**WORK REQUIRED**
Copy out again, unchanged, the listing below from the line that has "3COINS(スリーコインズ) パール付ドロップピアス" through the line that has "Altyapı yetersizliği nedeniyle".

:::::

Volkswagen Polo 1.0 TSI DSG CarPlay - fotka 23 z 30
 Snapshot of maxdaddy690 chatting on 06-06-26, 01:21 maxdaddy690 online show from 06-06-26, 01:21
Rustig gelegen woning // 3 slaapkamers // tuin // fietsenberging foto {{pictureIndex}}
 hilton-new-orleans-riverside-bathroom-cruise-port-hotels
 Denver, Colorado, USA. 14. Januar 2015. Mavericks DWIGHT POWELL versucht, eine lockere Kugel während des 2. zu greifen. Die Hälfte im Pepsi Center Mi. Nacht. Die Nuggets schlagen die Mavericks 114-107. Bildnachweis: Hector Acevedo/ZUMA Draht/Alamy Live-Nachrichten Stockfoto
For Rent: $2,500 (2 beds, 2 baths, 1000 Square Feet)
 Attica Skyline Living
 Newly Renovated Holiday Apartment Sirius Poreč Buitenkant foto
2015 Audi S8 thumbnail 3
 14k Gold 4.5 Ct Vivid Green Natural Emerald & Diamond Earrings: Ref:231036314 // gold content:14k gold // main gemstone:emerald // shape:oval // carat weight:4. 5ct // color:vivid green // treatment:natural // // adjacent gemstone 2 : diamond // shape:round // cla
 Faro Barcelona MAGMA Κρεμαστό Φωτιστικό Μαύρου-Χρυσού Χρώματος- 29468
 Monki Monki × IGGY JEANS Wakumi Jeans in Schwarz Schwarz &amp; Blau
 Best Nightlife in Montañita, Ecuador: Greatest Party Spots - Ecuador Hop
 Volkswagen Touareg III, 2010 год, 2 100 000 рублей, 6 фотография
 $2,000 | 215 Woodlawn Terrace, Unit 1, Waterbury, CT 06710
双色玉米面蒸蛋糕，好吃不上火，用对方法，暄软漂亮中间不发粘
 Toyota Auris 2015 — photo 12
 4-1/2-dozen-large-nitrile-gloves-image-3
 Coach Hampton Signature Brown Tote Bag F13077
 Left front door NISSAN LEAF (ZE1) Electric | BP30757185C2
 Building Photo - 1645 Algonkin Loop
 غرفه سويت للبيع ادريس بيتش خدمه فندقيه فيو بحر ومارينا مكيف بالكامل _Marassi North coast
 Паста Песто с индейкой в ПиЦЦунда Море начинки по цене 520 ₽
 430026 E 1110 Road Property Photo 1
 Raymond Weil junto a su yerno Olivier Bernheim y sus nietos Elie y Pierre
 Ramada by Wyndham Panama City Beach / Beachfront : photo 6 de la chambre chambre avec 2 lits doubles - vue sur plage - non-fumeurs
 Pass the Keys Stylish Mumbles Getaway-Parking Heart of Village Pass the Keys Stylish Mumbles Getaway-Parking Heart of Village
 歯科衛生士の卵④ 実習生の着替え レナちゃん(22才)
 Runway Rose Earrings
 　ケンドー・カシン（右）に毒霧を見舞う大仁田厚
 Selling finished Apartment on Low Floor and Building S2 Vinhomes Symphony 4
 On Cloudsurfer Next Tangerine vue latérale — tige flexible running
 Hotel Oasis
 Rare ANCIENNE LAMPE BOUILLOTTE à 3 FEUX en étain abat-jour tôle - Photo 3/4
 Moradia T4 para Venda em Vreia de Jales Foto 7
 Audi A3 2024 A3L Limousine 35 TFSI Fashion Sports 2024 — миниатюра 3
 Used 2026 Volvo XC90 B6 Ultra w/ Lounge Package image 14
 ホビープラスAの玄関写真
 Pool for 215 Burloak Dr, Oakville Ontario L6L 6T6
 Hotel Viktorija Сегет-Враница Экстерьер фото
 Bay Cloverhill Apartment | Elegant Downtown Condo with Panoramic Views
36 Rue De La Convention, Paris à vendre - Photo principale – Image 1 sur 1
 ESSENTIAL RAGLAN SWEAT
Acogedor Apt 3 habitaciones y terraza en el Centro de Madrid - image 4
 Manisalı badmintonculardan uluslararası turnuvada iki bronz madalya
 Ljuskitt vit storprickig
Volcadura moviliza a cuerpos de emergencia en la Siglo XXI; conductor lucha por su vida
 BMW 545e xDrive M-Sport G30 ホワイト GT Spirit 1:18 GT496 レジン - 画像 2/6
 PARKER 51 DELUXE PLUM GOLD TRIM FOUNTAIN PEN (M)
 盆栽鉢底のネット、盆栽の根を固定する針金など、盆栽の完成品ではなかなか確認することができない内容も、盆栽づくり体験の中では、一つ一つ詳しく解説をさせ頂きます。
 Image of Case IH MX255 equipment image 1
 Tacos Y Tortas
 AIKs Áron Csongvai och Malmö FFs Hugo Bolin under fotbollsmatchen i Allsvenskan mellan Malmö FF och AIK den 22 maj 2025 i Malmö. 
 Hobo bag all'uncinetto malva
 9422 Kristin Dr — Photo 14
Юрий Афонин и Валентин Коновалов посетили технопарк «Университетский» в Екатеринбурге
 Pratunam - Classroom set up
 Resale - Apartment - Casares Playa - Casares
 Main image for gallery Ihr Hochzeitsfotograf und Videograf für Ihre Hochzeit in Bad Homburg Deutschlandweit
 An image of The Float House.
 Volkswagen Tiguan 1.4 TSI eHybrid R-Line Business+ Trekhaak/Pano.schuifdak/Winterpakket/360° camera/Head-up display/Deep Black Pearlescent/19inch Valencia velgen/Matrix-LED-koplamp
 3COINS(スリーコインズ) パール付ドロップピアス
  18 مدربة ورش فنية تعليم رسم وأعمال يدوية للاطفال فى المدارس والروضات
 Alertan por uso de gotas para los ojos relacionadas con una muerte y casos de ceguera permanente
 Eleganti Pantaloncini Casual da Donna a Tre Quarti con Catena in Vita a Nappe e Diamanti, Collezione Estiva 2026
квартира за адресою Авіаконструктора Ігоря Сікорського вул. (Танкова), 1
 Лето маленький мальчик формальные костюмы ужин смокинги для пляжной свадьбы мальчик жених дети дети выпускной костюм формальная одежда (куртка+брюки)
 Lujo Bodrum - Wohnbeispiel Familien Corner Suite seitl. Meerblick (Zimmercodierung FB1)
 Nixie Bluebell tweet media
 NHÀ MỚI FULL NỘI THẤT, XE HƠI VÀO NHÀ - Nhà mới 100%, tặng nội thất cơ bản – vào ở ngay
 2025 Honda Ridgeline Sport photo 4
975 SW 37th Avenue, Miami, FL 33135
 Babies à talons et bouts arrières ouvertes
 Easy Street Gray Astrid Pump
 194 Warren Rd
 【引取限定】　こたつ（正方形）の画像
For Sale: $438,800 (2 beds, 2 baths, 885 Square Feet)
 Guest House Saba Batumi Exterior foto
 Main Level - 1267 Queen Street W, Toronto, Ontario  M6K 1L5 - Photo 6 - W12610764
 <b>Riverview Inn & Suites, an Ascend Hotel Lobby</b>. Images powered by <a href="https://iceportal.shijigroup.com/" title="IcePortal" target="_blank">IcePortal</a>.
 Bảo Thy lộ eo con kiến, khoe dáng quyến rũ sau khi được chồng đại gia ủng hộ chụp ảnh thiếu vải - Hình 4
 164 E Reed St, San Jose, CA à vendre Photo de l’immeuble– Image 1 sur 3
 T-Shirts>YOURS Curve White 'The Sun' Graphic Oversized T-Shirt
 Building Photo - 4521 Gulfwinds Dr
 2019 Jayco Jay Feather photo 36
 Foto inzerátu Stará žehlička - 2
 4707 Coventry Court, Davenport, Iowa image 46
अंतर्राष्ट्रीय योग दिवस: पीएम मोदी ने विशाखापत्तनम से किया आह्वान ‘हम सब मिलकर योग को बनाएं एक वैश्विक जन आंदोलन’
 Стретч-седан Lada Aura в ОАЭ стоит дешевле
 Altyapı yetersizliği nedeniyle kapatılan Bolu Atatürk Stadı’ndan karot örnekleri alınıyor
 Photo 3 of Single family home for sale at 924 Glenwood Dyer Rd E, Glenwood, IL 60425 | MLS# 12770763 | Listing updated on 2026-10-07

:::::

**FINAL ANSWER**
 3COINS(スリーコインズ) パール付ドロップピアス
  18 مدربة ورش فنية تعليم رسم وأعمال يدوية للاطفال فى المدارس والروضات
 Alertan por uso de gotas para los ojos relacionadas con una muerte y casos de ceguera permanente
 Eleganti Pantaloncini Casual da Donna a Tre Quarti con Catena in Vita a Nappe e Diamanti, Collezione Estiva 2026
квартира за адресою Авіаконструктора Ігоря Сікорського вул. (Танкова), 1
 Лето маленький мальчик формальные костюмы ужин смокинги для пляжной свадьбы мальчик жених дети дети выпускной костюм формальная одежда (куртка+брюки)
 Lujo Bodrum - Wohnbeispiel Familien Corner Suite seitl. Meerblick (Zimmercodierung FB1)
 Nixie Bluebell tweet media
 NHÀ MỚI FULL NỘI THẤT, XE HƠI VÀO NHÀ - Nhà mới 100%, tặng nội thất cơ bản – vào ở ngay
 2025 Honda Ridgeline Sport photo 4
975 SW 37th Avenue, Miami, FL 33135
 Babies à talons et bouts arrières ouvertes
 Easy Street Gray Astrid Pump
 194 Warren Rd
 【引取限定】　こたつ（正方形）の画像
For Sale: $438,800 (2 beds, 2 baths, 885 Square Feet)
 Guest House Saba Batumi Exterior foto
 Main Level - 1267 Queen Street W, Toronto, Ontario  M6K 1L5 - Photo 6 - W12610764
 <b>Riverview Inn & Suites, an Ascend Hotel Lobby</b>. Images powered by <a href="https://iceportal.shijigroup.com/" title="IcePortal" target="_blank">IcePortal</a>.
 Bảo Thy lộ eo con kiến, khoe dáng quyến rũ sau khi được chồng đại gia ủng hộ chụp ảnh thiếu vải - Hình 4
 164 E Reed St, San Jose, CA à vendre Photo de l’immeuble– Image 1 sur 3
 T-Shirts>YOURS Curve White 'The Sun' Graphic Oversized T-Shirt
 Building Photo - 4521 Gulfwinds Dr
 2019 Jayco Jay Feather photo 36
 Foto inzerátu Stará žehlička - 2
 4707 Coventry Court, Davenport, Iowa image 46
अंतर्राष्ट्रीय योग दिवस: पीएम मोदी ने विशाखापत्तनम से किया आह्वान ‘हम सब मिलकर योग को बनाएं एक वैश्विक जन आंदोलन’
 Стретч-седан Lada Aura в ОАЭ стоит дешевле
 Altyapı yetersizliği nedeniyle kapatılan Bolu Atatürk Stadı’ndan karot örnekleri alınıyor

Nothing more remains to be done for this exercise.